Home networking and Whole-House WiFi: For optimal WiFi speed and coverage, we recommend having a WiFi access point no further than ~30ft from any place in the house. Additionally, HVAC ducts and other metal objects can cause dead spots in WiFi coverage with a single access point. For this reason, we recommend using 2-3 separate access points located throughout the house. Make sure to have several Ethernet lines installed for this purpose, as wired Ethernet gives much better results than WiFi-to-WiFi repeaters or network-over-power line systems. Wireless routers can be installed in cabinets, closets or utility rooms. On-ceiling/On-wall Powered Ethernet Wireless access points (usually the size/profile of a smoke alarm) are ideal for many locations throughout the house.
Additionally, you may want consider having Ethernet lines installed at TV locations or places a desktop computer/home office might be located.
Detached garages/outbuildings:
-For maximum flexibility, consider running conduit to out-buldings.
-Any buried cable should be explicitly rated for direct burial.
-TV cable should be RG-11 type and NOT RG-6 (especially when over 200ft in length). 
-Ethernet cabling is limited in distance to 328ft (100M). Beyond that distance, consider Ethernet extenders, Ethernet-to-fiber or point-to-point WiFi links.

Cell Booster Systems:
Before building, you will want to consider whether a cell booster system may be necessary to ensure un-interrupted call quality and fast data speeds. 
The first step would be to take out your phone, walk around the property and observe how strong the service is. If it’s below 2-3 bars outside, you may want to consider a booster system.
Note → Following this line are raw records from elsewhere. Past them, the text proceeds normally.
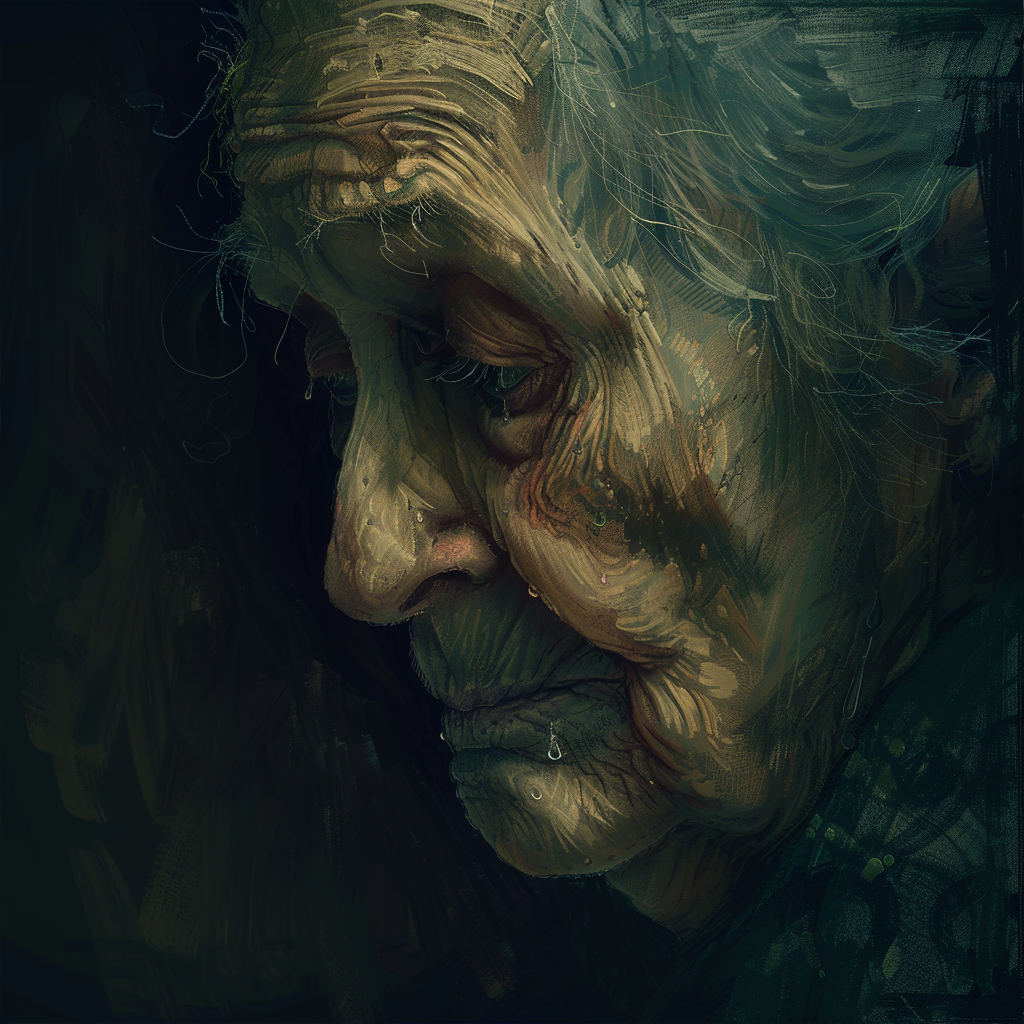 A close-up of an old woman’s profile, depicting sadness and tears. Her wrinkled face captures deep emotion, making this a poignant forum avatar or profile photo.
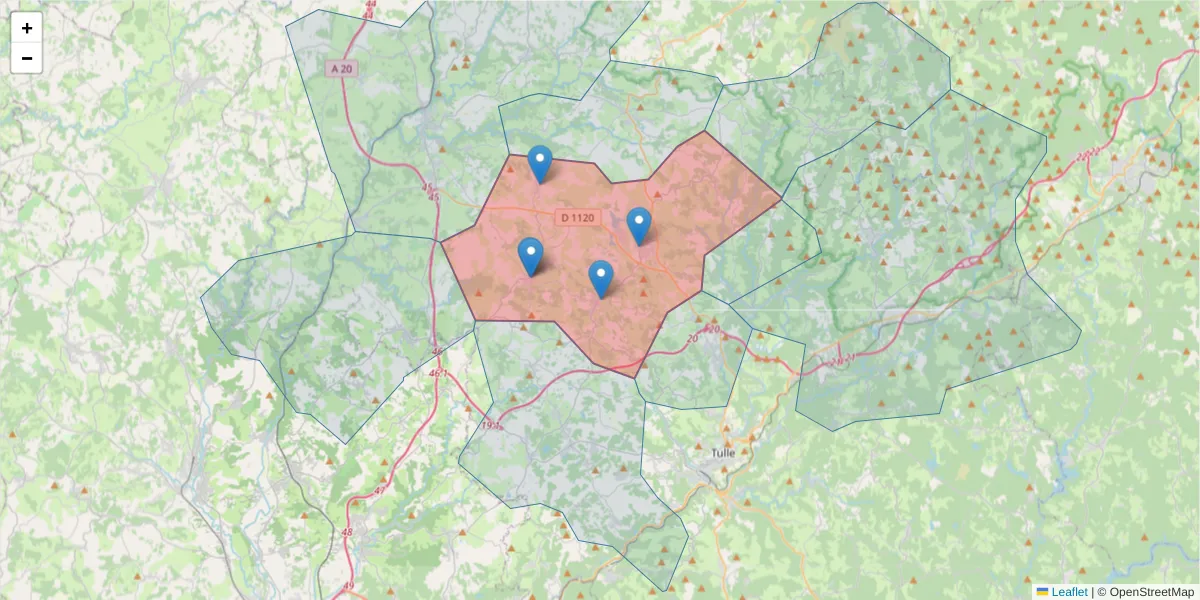 Carte de la zone du code postal  et des codes postaux voisins en France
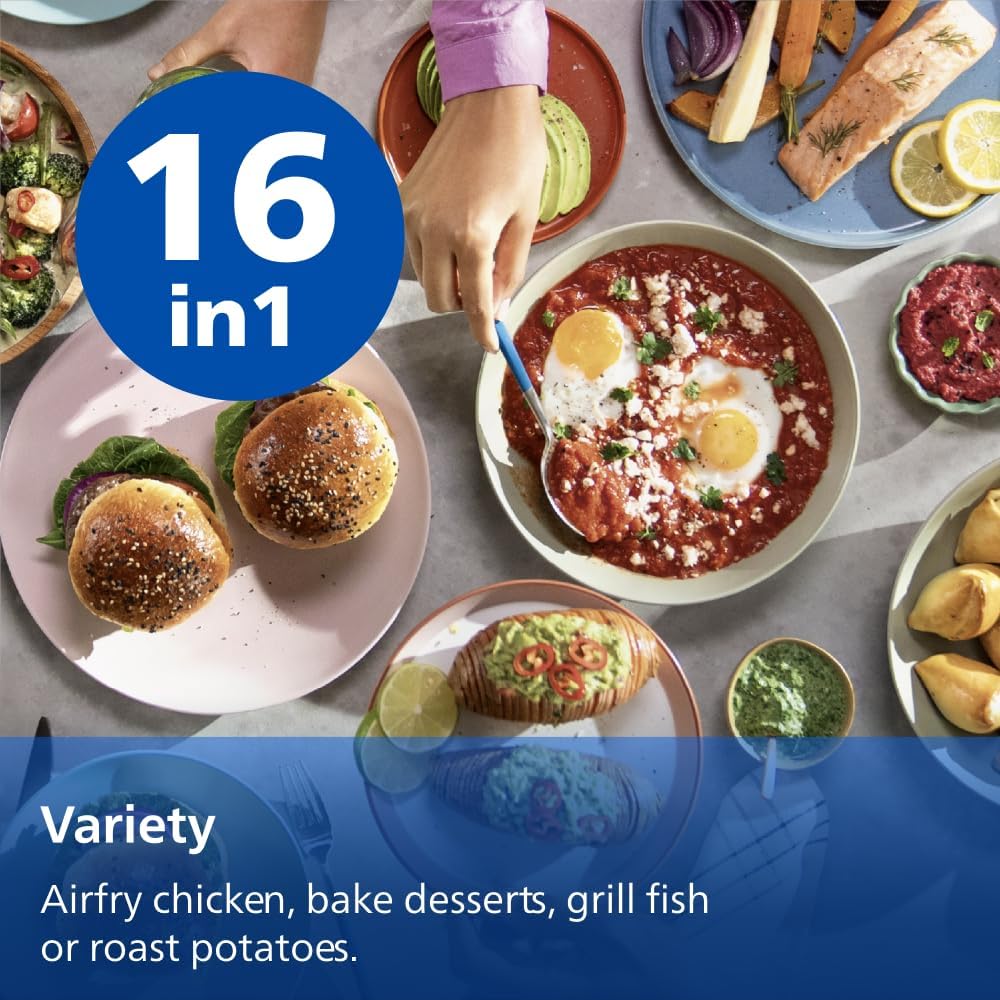 Philips Large 7.2L Airfryer, Electric Kitchen Appliance 16 Presets, Air Frying Fat Removal Hot Chips Nuggets and more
If you plan on using metal/stucco siding, or foil-backed insulation, which block cell signal, you will definitely want to consider one.

Cell boosters require specialized, low-loss cabling, such as RG-11 or LMR-400 (depending on the system) and an outdoor antenna. Additionally, one or more indoor antennas need to be mounted in specific locations to ensure even coverage – also using specialized, low-loss cabling. 

If you are considering a cell booster, please contact us. We will need to perform a site survey, review blueprints to optimize antenna placement and make accommodations for cabling installation. Additionally, we can use our test equipment to determine which cell carrier offers the strongest signal at your location.

Fixed Wireless Internet: At some rural locations, Fixed Wireless Internet service is the best option available. For MN residents, we have prepared a list of Fixed Wireless providers (by county). We recommend contacting the provider(s) in your area to determine if they serve your location. They may have also have to perform a site survey.

Reception of fixed wireless signals is strictly line-of-sight. At some locations, a roof-mounted antenna may be all that’s needed. Other locations may require a remotely-mounted antenna, tower or a relay system. We can assist in installation, if necessary.

Most Fixed Wireless providers use a receiving antenna that connects to Ethernet, paired with an Ethernet Power inserter (PoE) located indoors, so you will need to run black (UV-resistant) Ethernet between the distribution point and the mounting site. Running a flexible conduit tube from the distribution point the attic is an alternative (the cable can be run through a roof vent and through the conduit)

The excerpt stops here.